* PROBLEM REQUIREMENTS *
Leave out the pictures and set down the rest of the listing below word for word.

* GIVEN MATERIAL *
--*--

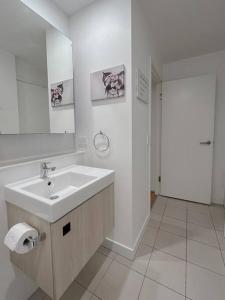 a white bathroom with a sink and a mirror at 1.5BR apartment Fortitude Valley in Brisbane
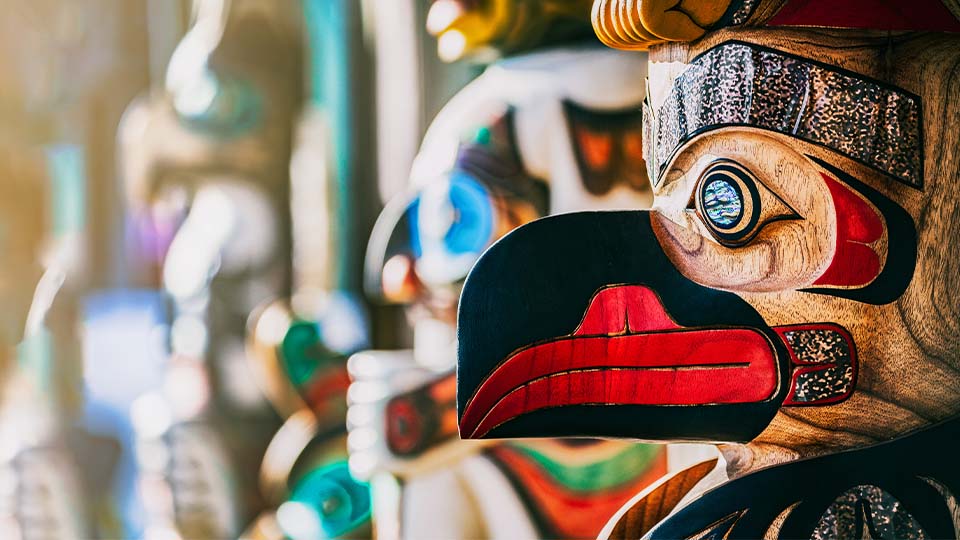 Close-up of a traditional Indigenous totem pole featuring a brightly painted bird figure with bold red, black, and turquoise details, set against a softly blurred background of other carved figures.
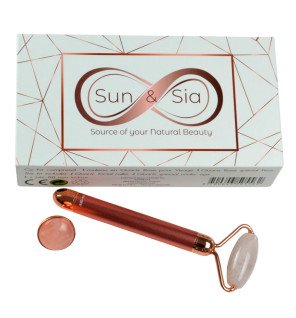 masseur visage électrique en quartz rose présenté dans son coffret cadeau raffiné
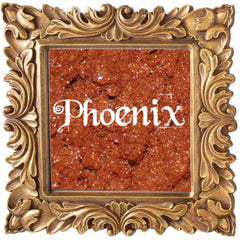Small glass jar with black lid containing pigmented phoenix-orange mineral eye shadow and sifter insert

--*--

* RESULT *
 a white bathroom with a sink and a mirror at 1.5BR apartment Fortitude Valley in Brisbane
 Close-up of a traditional Indigenous totem pole featuring a brightly painted bird figure with bold red, black, and turquoise details, set against a softly blurred background of other carved figures.
 masseur visage électrique en quartz rose présenté dans son coffret cadeau raffiné
Small glass jar with black lid containing pigmented phoenix-orange mineral eye shadow and sifter insert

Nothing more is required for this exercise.